11 comments on “Family members worry about how much someone drinks”

  1. Antonia L. says:

    Hi,

    This is my first time on this site and I am glad that I am not the only one struggling with someone with alcohol issues. I am 26 years old and he is 29 years old, so we are young. We have a 4-year-old daughter. I have been married for about 5 years to my husband and known him for 7 years. When I met him, he had an alcohol and anger problem. However, after a year it disappeared. The alcoholism addiction returned and it is getting out of control. I am worried for his life.

  2. Machelle G says:

    My qualifier is my husband who has been sober since April 21, 2013 without a program. Every day I feel as if I’m waiting for the drunk Rob to walk in the house. I try to leave it up to God, but sometimes it’s so hard for me to let go and remember I am not responsible for his actions.

    I am trying my hardest to change my way of thinking, to remember that I cannot control the alcoholic. It’s difficult.

  3. Karen says:

    I can’t stand even the smell of alcohol anymore. It comes thru my husband’s skin pores as well as his plastered lips. I’m so sick of beating this dead horse–never violently, but mentally, just looking at his fish-eyed face, staggering like half of his head is weighted down. If I dare ask how many he has had, it’s an argument.

    The same one always–“Oh my GOD, Karen, are you kidding? I’m fine, you just hate anything to do with alcohol because your dad was a drunk. He’s right too, I do hate it and I hate him. I have to leave him and find out what happiness really is. I’m spent, burnt out, don’t drink, and sick of being his driver.

    How much time have I spent sitting and watching people turn into just completley different entities, and the great thing about it–the drunker they all get, the more they want to talk to the sober one. Why, and I’m sure you all know this one, because they start to bicker and argue because they all think they are just brilliant and right! Even better, when they argue drunk and ask you to be the idiot tie-breaker.

  4. Mary G. says:

    Hi. Thanks for sharing. I am very new in Al-Anon, and all this time I thought something was wrong with me, as far as my husband passing out in any place besides with me, and in that I felt he was drinking to cover up negative feelings towards me.
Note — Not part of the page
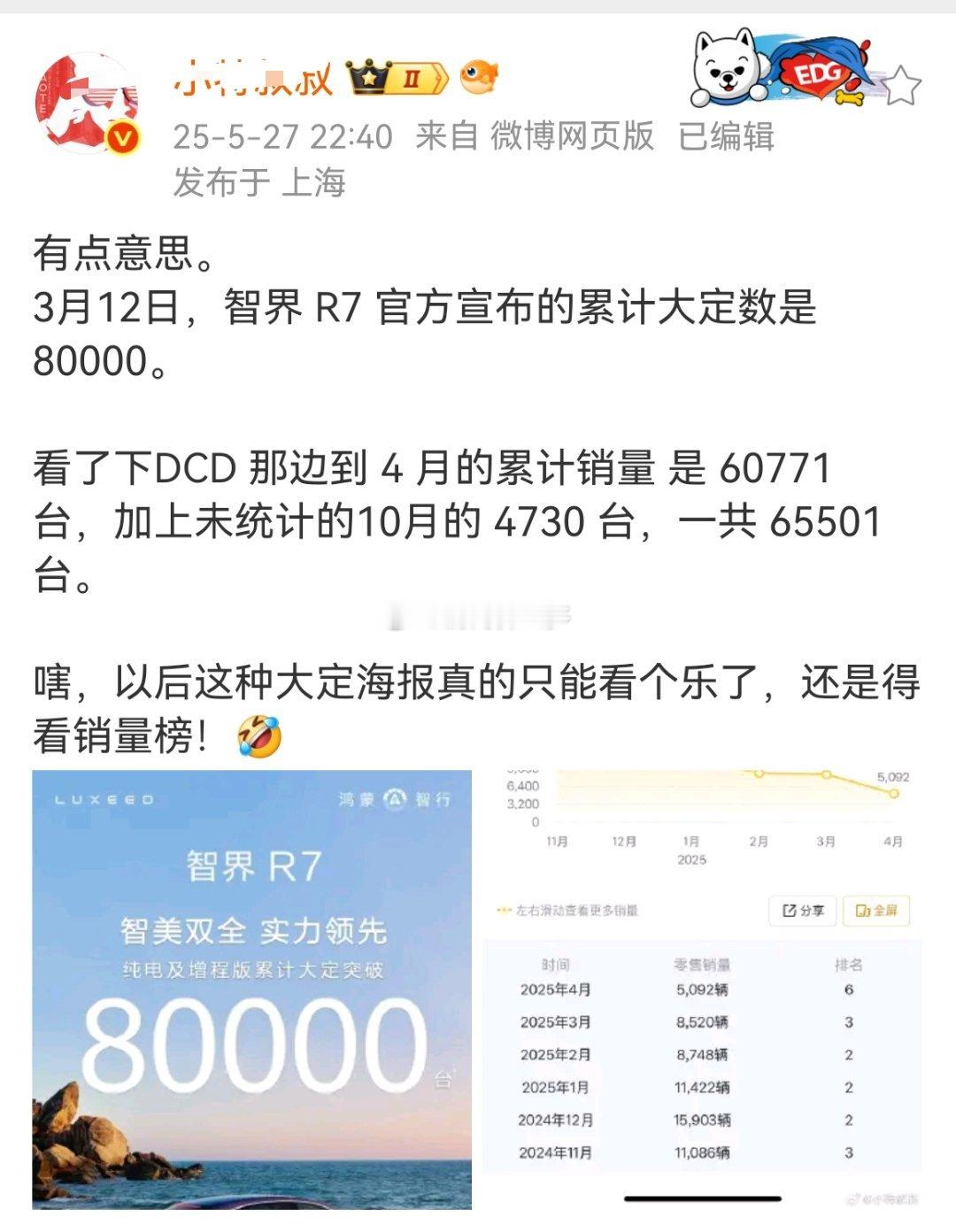 恰不到华为就要黑华为？[疑问] 六大门派围攻光明顶中销量最高且 唯一均价超过Mo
Even being new in Al-Anon, I have already learned that he does indeed love me and his alcoholism is not my fault. It would be like my giving him diabetes or some other illness, if you know what I mean.

    Hang in there. I have to learn to Let Go and Let God. Today, I discovered that this also requires footwork.

  5. Paola says:

    I met Brian a year and a half ago. We were classmates, then we began dating. I am 44 and divorced with 2 kids, Danny 12 and Julia 9. Brian is 40, recently retired from 20 years in the Air Force, legally separated from his wife, who used to be an addict of both drugs and alcohol.
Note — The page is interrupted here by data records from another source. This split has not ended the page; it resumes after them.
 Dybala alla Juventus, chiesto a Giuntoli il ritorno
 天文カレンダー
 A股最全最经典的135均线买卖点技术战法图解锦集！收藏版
    I never noticed him drinking before, but as soon as he started staying with me and the kids more often, I saw him drinking in the am. I am at a point in this relationship that I am not sure I can handle the stress that comes with this. Part of me wants to go somewhere and live in peace. I hate to wake up in a room that smells like a bar–that is when he decides he wants to lay in bed with me, meaning when he doesn’t pass out in front of the TV, which is more often.
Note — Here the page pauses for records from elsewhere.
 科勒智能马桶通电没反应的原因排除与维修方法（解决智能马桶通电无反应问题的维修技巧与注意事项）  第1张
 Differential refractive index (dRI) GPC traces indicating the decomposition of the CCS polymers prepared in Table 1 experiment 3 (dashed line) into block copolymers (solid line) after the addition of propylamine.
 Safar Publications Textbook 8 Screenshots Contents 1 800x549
    I grew up in Italy and there the drinking is somewhat different. My dad used to drink at mealtimes. I only saw him drunk at a couple of weddings, but we thought it was funny and we teased about it to laugh. I have been exposed to alcoholics before, but I bailed out when I decided that it wasn’t worth it.

    I guess I am saying that Brian is worth it; he is because he is very good with my kids, he listens to them (my ex only likes to pay for stuff, he avoids any issues), and I find myself torn between my happiness and theirs. I already hurt my kids when I divorced my verbally abusive husband. Now they love Brian, they confide in him and haven’t noticed the drinking, yet.

    I am a woman, and even though I am 44 I want a man who treats me like a woman. Brian can only make love when he is totally full of alcohol, and I don’t know if he has to drink to make love to me because I am ugly (he denied that) or he has to be drunk to finally let go of his issues (did I mention he is also in denial for PTSD?).

    This is my first step. I need to find serenity and I need to take care of me in this relationship.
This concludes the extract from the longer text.